Assignment:
Among the entries below, copy only the span from the line containing "Teens-malliston villakankainen duffelitakki" through the line containing "Photo of Bathroom in Oakland Park". Do so exactly, and skip the pictures.

** Material supplied follows **

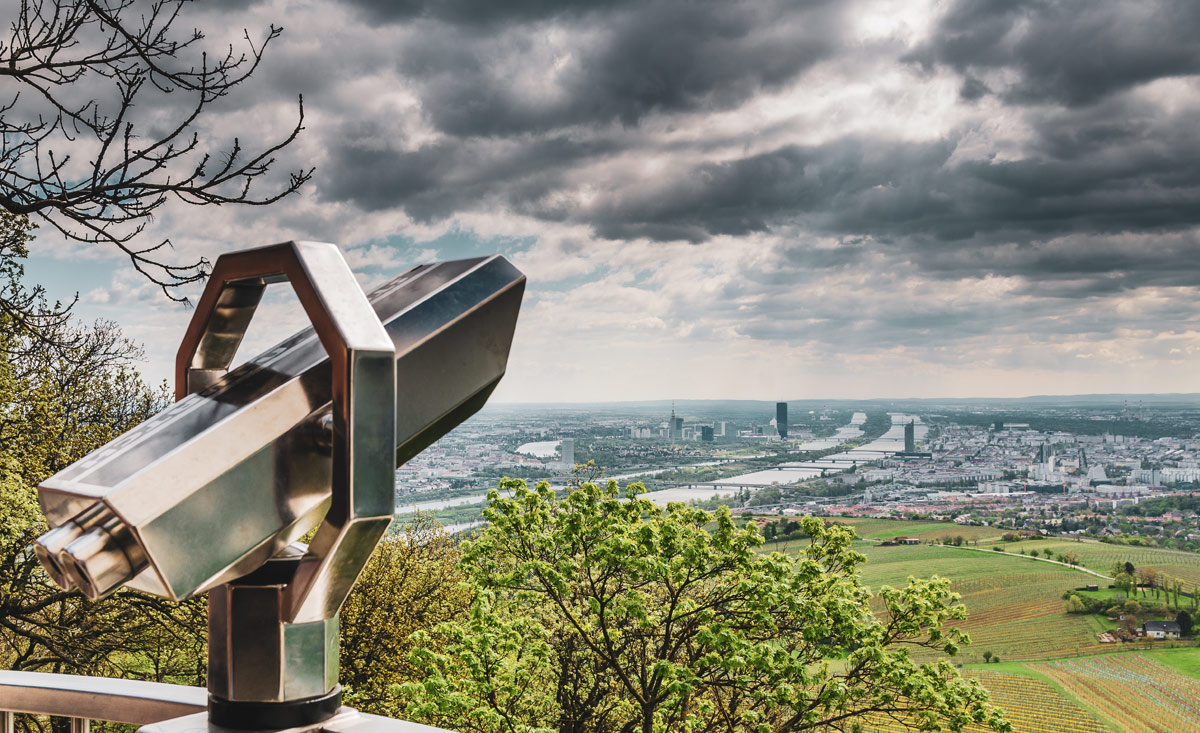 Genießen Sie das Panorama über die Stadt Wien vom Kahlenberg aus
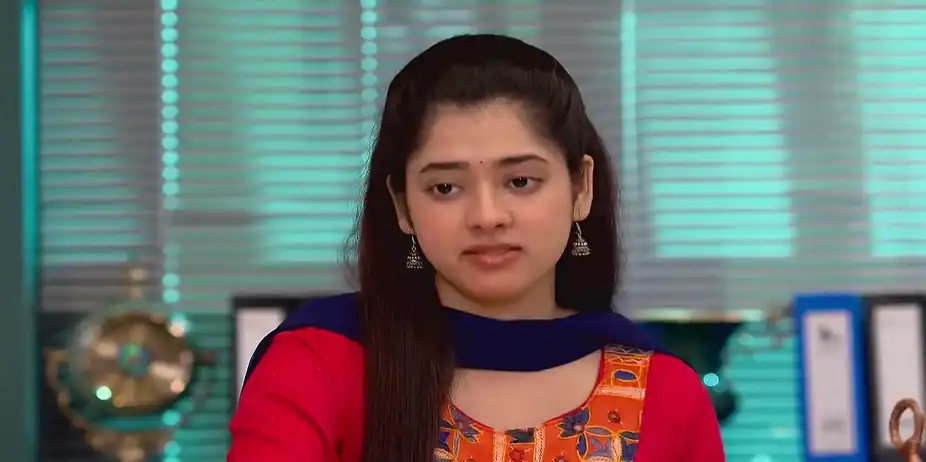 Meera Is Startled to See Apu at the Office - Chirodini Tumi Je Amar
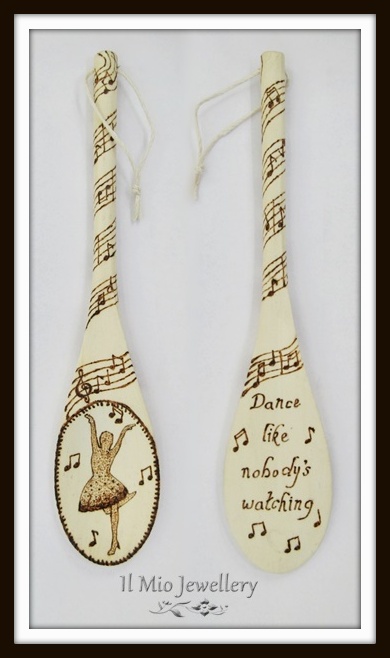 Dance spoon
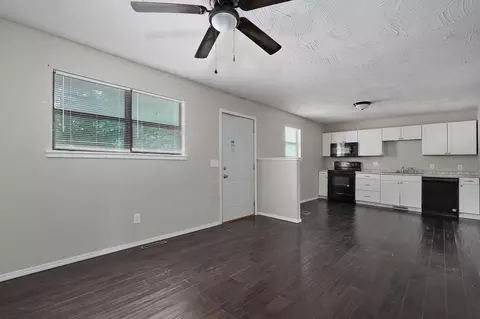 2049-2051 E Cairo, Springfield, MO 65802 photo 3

** End of Material supplied **
** Material supplied follows **

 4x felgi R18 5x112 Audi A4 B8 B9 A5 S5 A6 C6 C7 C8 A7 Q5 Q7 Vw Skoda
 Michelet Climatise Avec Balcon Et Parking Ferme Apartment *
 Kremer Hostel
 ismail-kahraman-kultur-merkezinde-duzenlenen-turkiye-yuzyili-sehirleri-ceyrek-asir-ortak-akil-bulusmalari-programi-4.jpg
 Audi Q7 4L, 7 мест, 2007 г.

** End of Material supplied **
** Material supplied follows **

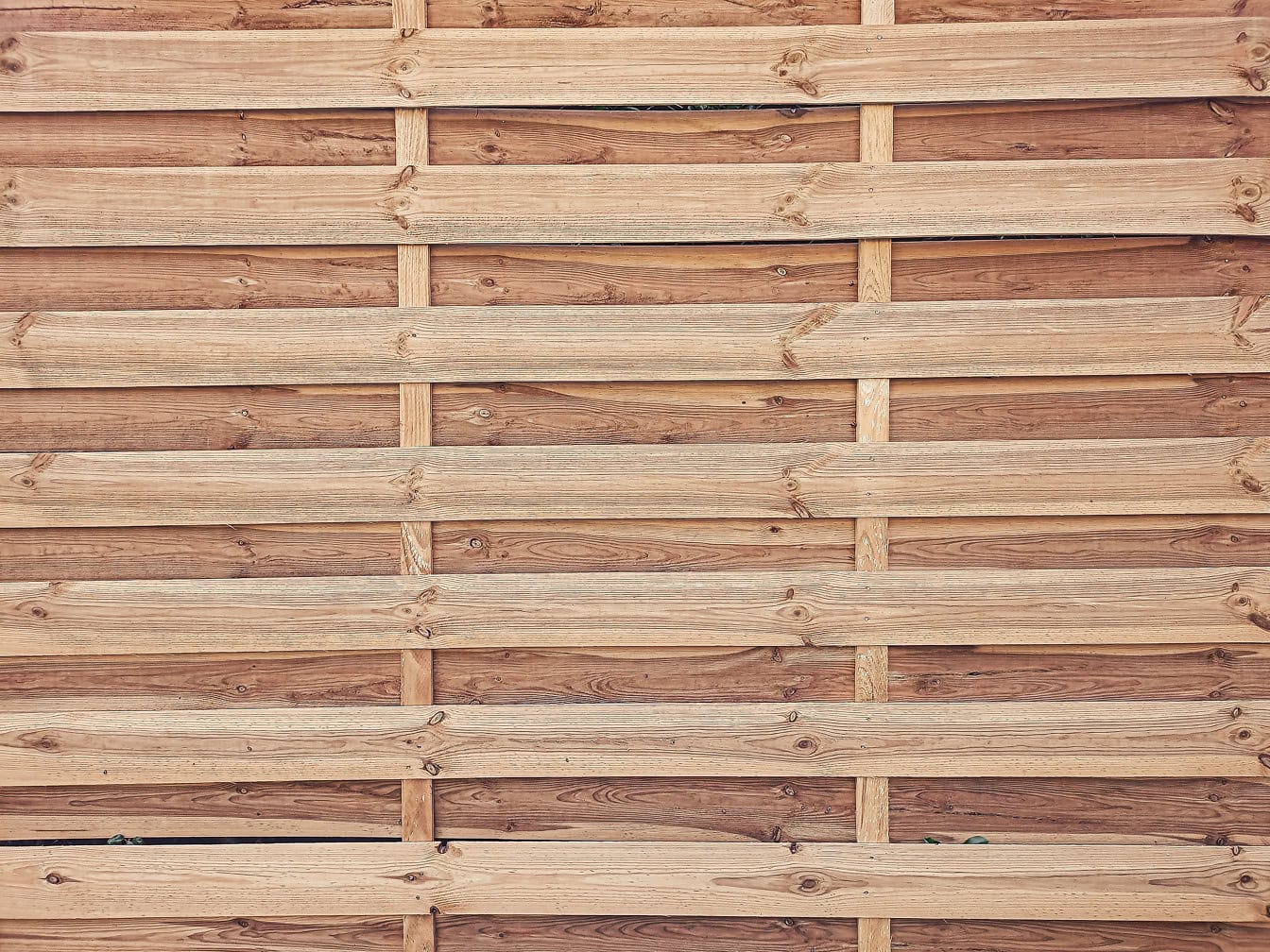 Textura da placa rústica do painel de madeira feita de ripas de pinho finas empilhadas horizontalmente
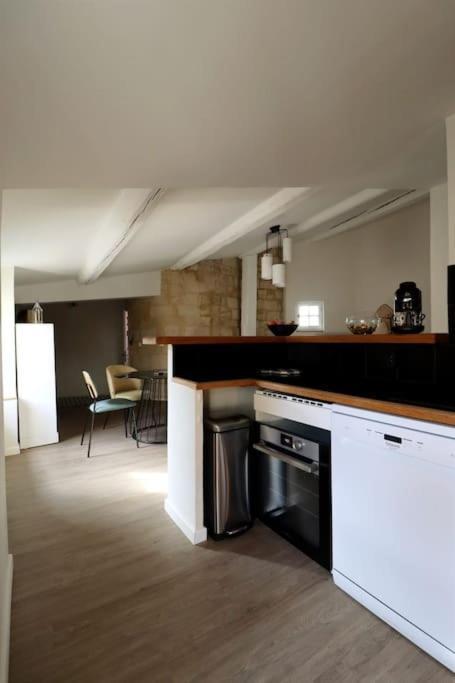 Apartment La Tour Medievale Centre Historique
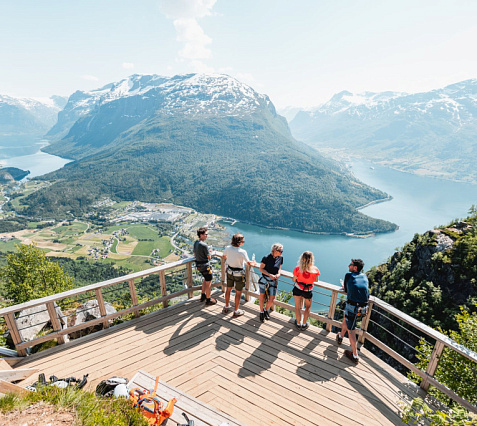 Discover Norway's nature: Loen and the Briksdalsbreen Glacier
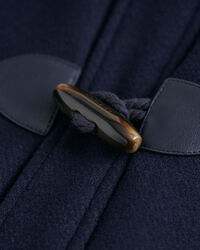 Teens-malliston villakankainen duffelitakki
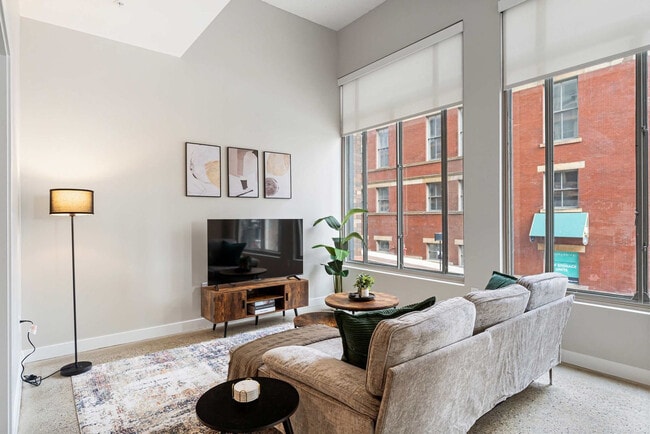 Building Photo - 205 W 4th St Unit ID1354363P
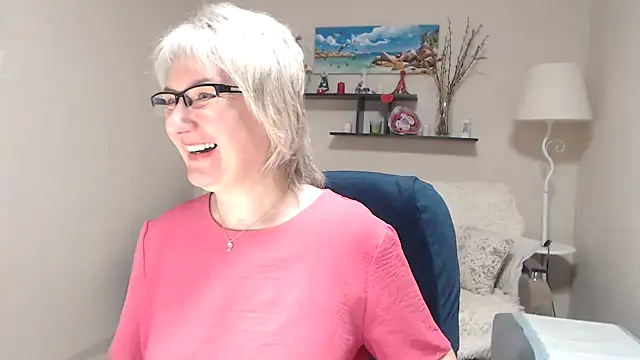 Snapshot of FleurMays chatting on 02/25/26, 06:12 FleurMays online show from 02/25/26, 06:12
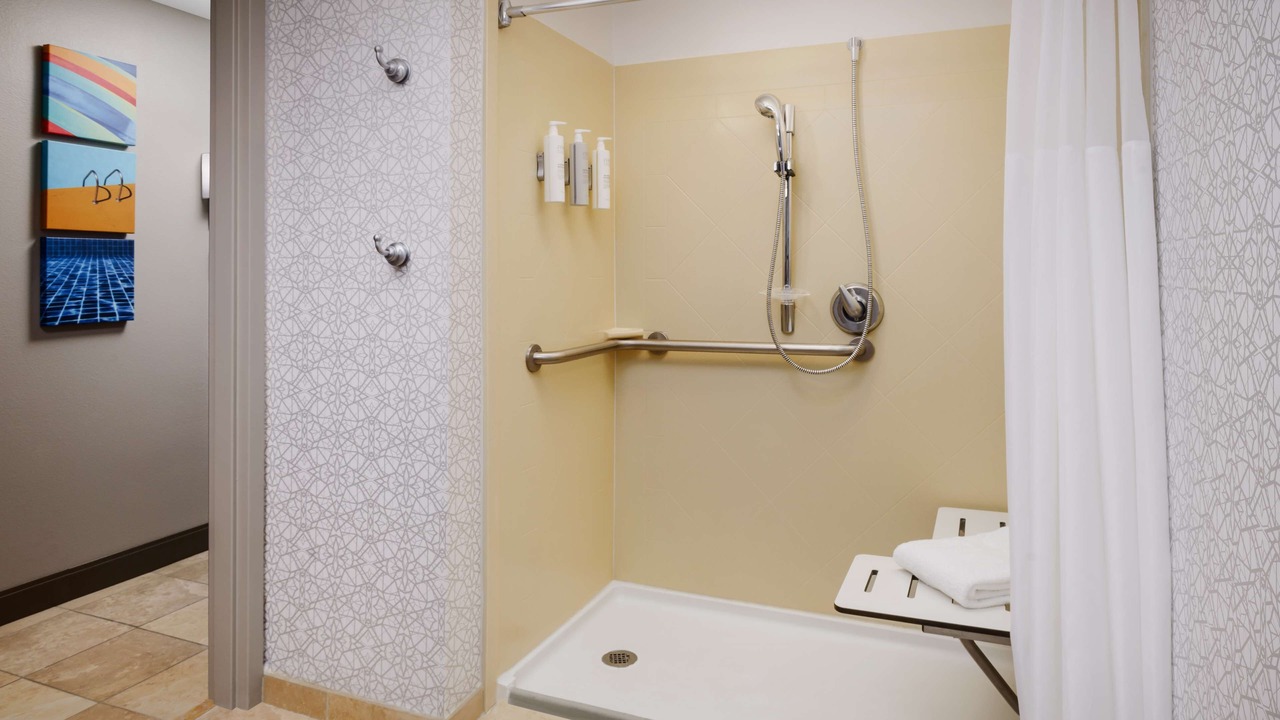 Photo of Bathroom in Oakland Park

** End of Material supplied **

Completed exercise:
 Teens-malliston villakankainen duffelitakki
 Building Photo - 205 W 4th St Unit ID1354363P
 Snapshot of FleurMays chatting on 02/25/26, 06:12 FleurMays online show from 02/25/26, 06:12
 Photo of Bathroom in Oakland Park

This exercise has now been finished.